Other than the constant challenge of raising money for the Save the Fireworks Foundation, Phillips, a religion major in college, isn't losing any sleep about the event coming together.
"The only thing we ever worry about is weather," he says. He even has volunteers lined up for July 5 to pick up the post-fireworks debris.
When he's not organizing patriotic celebrations, Phillips is the spokesman for realtors in the Charlottesville area (and he always has to use the registered trademark symbol when he writes the word "realtor"– in caps). "I have 1,100 bosses," he jokes.
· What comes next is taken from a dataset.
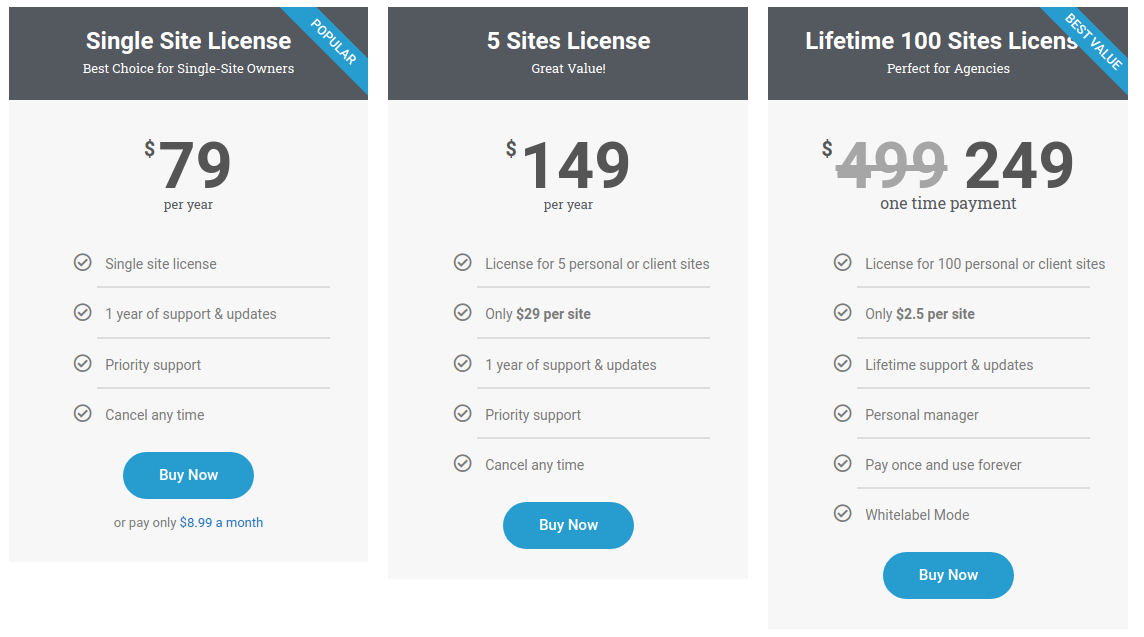 WooCommerce Table Rate Pricing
Is that too many real estate agents? Phillips says with them spread out through Greene, Fluvanna, Louisa, and Nelson, it's not as bad as some areas, where there can be four realtors for every house for sale. Here, there's one.
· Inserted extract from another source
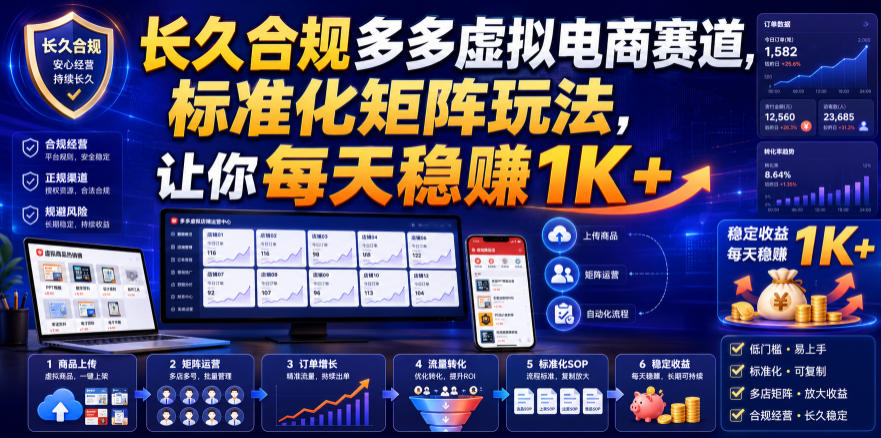 长久合规多多虚拟电商赛道，标准化矩阵玩法，让你每天稳賺1K+【揭秘】-翌晨科技网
It may not even be the largest job sector in this area, he suggests: "There's probably more writers than realtors."
And the real estate question du jour: Is there a bubble? "Not locally," Phillips says. The only way he sees housing prices bursting would be to close UVA or set up a nuclear waste facility.
"Short of that, we're going to continue to go up," he says.
Why here? I moved here to be the CEO of the Charlottesville Area Association of REALTORS® in 1998 after living my entire sheltered life in the Richmond area.
What's worst about living here? People running red lights. The road system is so inadequate around here that people are compelled to run red lights like no other place I've ever been.
Favorite hangout? A swimming pool. My family is heavily involved in competitive swimming, and we are always at a pool somewhere. My wife's car even has "2DPool" on the license plate.
Most overrated virtue? Either my stunning good looks or my modesty.
People would be surprised to know: I've just finished writing my first novel. Anyone know a publisher?
What would you change about yourself? I'd love to not be colorblind (even if just for a little while). It's no big deal, but I'd love to see what I'm missing. (Note: this answer is not related to my answer about running red lights.)
Proudest accomplishment? Finishing my novel (after three years)
People find most annoying about you: I'm the luckiest man alive. No matter how badly I screw something up, it always ends up being a good thing. It's better to be lucky than good, but it does annoy others that I get off easy.
Whom do you admire? Colin Powell– best leader/speaker/person I've ever seen.
Favorite book? Atlas Shrugged by Ayn Rand
Subject that causes you to rant? NIMBYism. Not In My Back Yard has become the most destructive force in local planning for growth. The result is that decisions are made based on the path of least resistance rather than on smart planning. It's time to stop listening to those who whine the loudest and start doing what makes sense for the entire community.
Biggest 21st-century thrill? Climbing through the Aspen forests to the top of the mountain at Deer Valley in Park City, Utah. Being alone at over 12,000 feet is an amazing thrill.
Biggest 21st-century creep out? Realizing my digital camera was missing its memory card while standing on top of the mountain at Deer Valley.
What do you drive? Nissan Maxima
In your car CD player right now: My car is too old to have a CD player, but my Apple Transpod (Father's Day gift) probably has Aimee Mann still cued up.
Next journey? Chicago
Most trouble you've ever gotten in? See my answer about my most annoying trait.
Regret: Not getting better grades in college at Hampden-Sydney.
Favorite comfort food: Pizza
Always in your refrigerator: Budweiser
Must-see TV: West Wing, Las Vegas and Desperate Housewives
Favorite cartoon: Dilbert
Describe a perfect day. Any day that UVA beats North Carolina or Maryland in any sport
Walter Mitty fantasy: I guess I'm not very hip, because I had to Google "Walter Mitty." I found out it means "popular shorthand for any timid soul who dreams of a more dashing life." I sometimes fantasize about breaking up a crime (rape, abduction, etc.) at the last minute and beating up the scumbag with my bare hands à la Walker, Texas Ranger.
Who'd play you in the movie? Bruce Willis (we balding guys have to stick together)
Most embarrassing moment? Walking down the parade route at the Urbana Oyster festival with my fly wide open
Best advice you ever got? Never argue with anyone who buys ink by the barrel.
Favorite bumper sticker? "Nuke the Gay Baby Whales" This is from the '80s when political correctness was taking root. I always loved the way it takes political incorrectness to a different level.